The auspex sound changed.

From the multiple noises implying many enemies, it converted to a single faint tone. The sand just outside the perimeter of the crash sight shifted, the horizon also becoming slightly disfigured. 

Nero constantly refused to show his pride and position as Sergeant by taking his helmet off as many other Space Marine Sergeants did. He had pride in his Emperor and the works of his Emperor, not in himself. However, had he not worn a helmet that day, the horrible Xeno filth would have seen the confident smile on Nero's face. The change in sound meant that only one foe was in the immediate area, and the pitch indicated a larger foe.

Strapping his pistol securely in his belt and holding up a single fist to his squad, he ordered them silently to remain in their positions. Leaving the safety and cover of the wreckage, Nero slowly revved the chainsword. He walked out several meters beyond that safe perimeter, waiting. He squatted low, as if to inspect a tyranid 'gaunt corpse, still waiting. Standing up, he looked to the horizon, then slightly to his left towards the downed 'Hawk. Then it came. His keen senses had his brain react before the creature had even fully committed it's weight into its jump towards Nero.
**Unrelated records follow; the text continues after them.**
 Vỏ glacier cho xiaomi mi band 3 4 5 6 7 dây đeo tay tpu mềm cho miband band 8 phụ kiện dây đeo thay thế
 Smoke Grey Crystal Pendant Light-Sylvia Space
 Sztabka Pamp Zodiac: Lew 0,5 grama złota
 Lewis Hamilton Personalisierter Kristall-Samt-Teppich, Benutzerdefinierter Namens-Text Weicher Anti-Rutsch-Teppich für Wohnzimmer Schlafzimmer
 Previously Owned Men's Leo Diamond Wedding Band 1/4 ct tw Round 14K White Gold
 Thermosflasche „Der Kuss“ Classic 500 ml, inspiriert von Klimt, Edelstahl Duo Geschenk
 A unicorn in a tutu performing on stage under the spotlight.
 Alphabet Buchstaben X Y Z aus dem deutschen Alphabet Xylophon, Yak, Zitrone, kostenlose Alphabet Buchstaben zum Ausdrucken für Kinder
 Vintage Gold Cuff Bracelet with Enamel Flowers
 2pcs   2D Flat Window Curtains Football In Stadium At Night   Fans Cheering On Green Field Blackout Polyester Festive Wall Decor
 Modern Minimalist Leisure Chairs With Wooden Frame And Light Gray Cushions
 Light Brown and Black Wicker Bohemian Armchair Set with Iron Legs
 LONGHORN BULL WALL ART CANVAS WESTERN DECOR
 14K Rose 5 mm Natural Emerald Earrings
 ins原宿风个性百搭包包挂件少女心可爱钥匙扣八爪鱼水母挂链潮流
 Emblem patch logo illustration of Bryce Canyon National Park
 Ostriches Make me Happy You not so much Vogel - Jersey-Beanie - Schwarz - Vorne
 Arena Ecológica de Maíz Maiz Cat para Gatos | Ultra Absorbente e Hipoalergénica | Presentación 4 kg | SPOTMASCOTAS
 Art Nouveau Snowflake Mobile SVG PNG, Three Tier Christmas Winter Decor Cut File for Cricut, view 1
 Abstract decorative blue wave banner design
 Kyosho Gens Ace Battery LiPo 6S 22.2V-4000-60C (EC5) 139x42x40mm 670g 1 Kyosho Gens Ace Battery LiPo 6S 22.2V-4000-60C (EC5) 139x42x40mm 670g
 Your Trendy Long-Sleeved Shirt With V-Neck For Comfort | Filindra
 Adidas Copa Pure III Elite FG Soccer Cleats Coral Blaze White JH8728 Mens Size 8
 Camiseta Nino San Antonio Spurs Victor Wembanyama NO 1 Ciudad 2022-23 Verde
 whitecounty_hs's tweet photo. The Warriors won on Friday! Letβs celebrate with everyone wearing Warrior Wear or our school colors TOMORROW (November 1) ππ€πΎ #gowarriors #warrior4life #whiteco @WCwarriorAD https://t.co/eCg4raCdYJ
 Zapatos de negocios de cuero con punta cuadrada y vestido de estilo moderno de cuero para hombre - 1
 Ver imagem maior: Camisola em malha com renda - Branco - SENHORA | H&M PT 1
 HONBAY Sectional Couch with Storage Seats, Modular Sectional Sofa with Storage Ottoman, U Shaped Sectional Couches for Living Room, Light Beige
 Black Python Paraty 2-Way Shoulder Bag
Nero quickly turned, raising his sword to cut the beasts head off. The Lictor however had it's own keen senses and attempted a roll out of its now suicidal attack, resulting in the beast only loosing a large portion of it's torso. The beast reeled back and countered with a claw swipe, to which Nero rolled out of range and treated the Lictor to a back swing which lost the beast its respective claw. He watched the beast twist and let out it's awful Emperor-damned hisses, slowly circling it, almost to taunt the thing if it had any intelligence left in its dying body. The writhing agony of the beast was then put out by the holy bolts of Nero's now drawn pistol.

"Ezra, check the cockpit, we need to see if the machine spirit still holds life for us to contact any passing ships. Melanus, take two and see what you can salvage from the Thunderhawk" Nero said as he returned to the defensive perimeter. He looked to the horizon as the sun set on he and his men. All he could do was hope that he could lead his men safely off this planet.


----------



## Ezekiface 73 (Oct 22, 2008)

that is a awsome story! i cant wait to read what happens next. possibly a carnifex comes and is blow uo by a krak missile in a suitibly graphic fashion!!!


----------